Task goal ->
All of the lines below should be output exactly as shown.

Supplied material ->

>>>

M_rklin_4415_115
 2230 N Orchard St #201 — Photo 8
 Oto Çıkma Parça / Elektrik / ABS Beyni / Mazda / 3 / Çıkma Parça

<<<

Problem solution ->
M_rklin_4415_115
 2230 N Orchard St #201 — Photo 8
 Oto Çıkma Parça / Elektrik / ABS Beyni / Mazda / 3 / Çıkma Parça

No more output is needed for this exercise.